AIM OF THE EXERCISE. Only the lines from the "Vintage Farmhouse Wall" line through the last line of the material below belong in the answer, reproduced exactly and with no pictures.

INPUT DATA.
=== Section Start ===
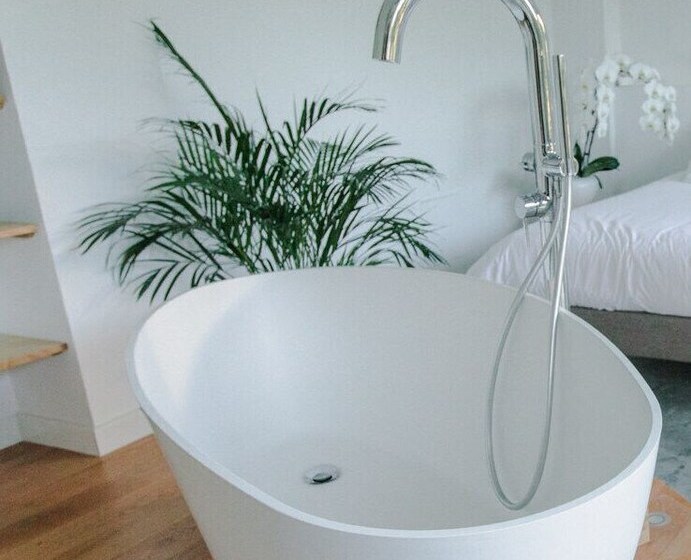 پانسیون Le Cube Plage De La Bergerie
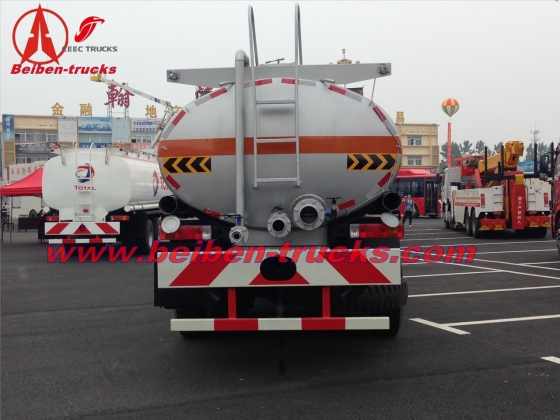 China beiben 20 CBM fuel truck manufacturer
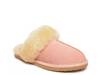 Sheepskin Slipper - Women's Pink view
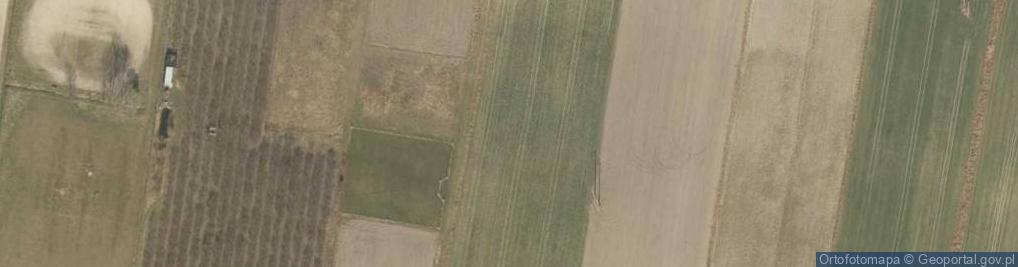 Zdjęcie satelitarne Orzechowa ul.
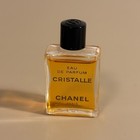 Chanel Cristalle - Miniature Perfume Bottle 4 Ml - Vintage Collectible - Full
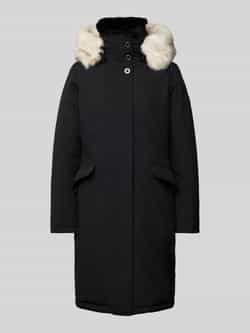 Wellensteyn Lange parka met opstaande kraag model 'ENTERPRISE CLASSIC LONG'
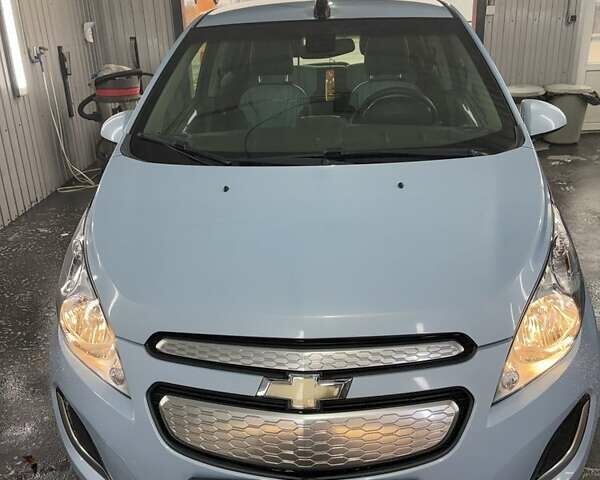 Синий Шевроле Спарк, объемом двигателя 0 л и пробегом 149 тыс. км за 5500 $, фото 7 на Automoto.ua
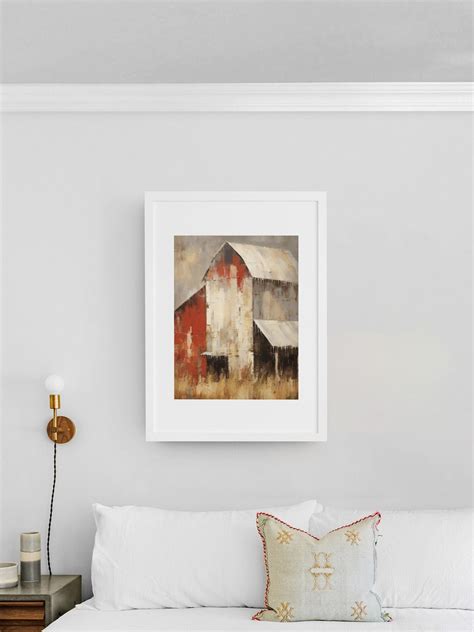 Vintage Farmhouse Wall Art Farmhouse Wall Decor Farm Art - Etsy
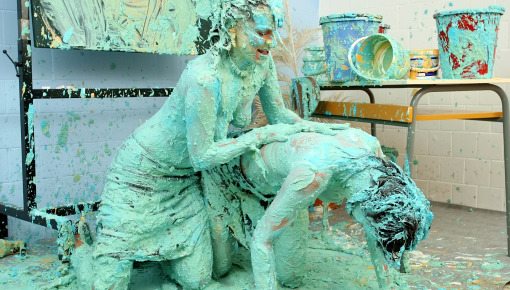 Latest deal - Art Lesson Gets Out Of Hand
=== Section End ===
WRITTEN ANSWER.
 Vintage Farmhouse Wall Art Farmhouse Wall Decor Farm Art - Etsy
 Latest deal - Art Lesson Gets Out Of Hand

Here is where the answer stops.